→ Stored data
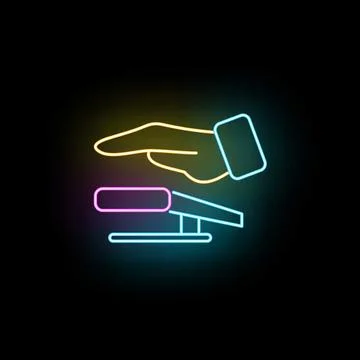 Hand pushing control button in colorful neon light Stock Illustration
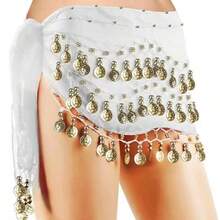 1pc Belly Dance Waist Chain Costume, Metal Mesh Waistband Bodysuit Decor, Gold Coin Waist Sash For Dance, Boho Style - White - View 2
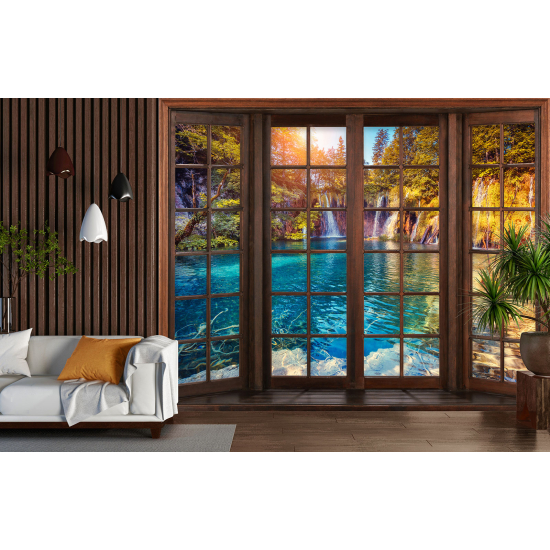 Optical Illusion Panoramic Wood Window Wall Mural / Wallpaper - Waterfalls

→ Problem to work on
Return the lines exactly, from the one containing "1pc Belly Dance" through the last line above, including both ends and excluding every picture.

→ Answer to this task
 1pc Belly Dance Waist Chain Costume, Metal Mesh Waistband Bodysuit Decor, Gold Coin Waist Sash For Dance, Boho Style - White - View 2
 Optical Illusion Panoramic Wood Window Wall Mural / Wallpaper - Waterfalls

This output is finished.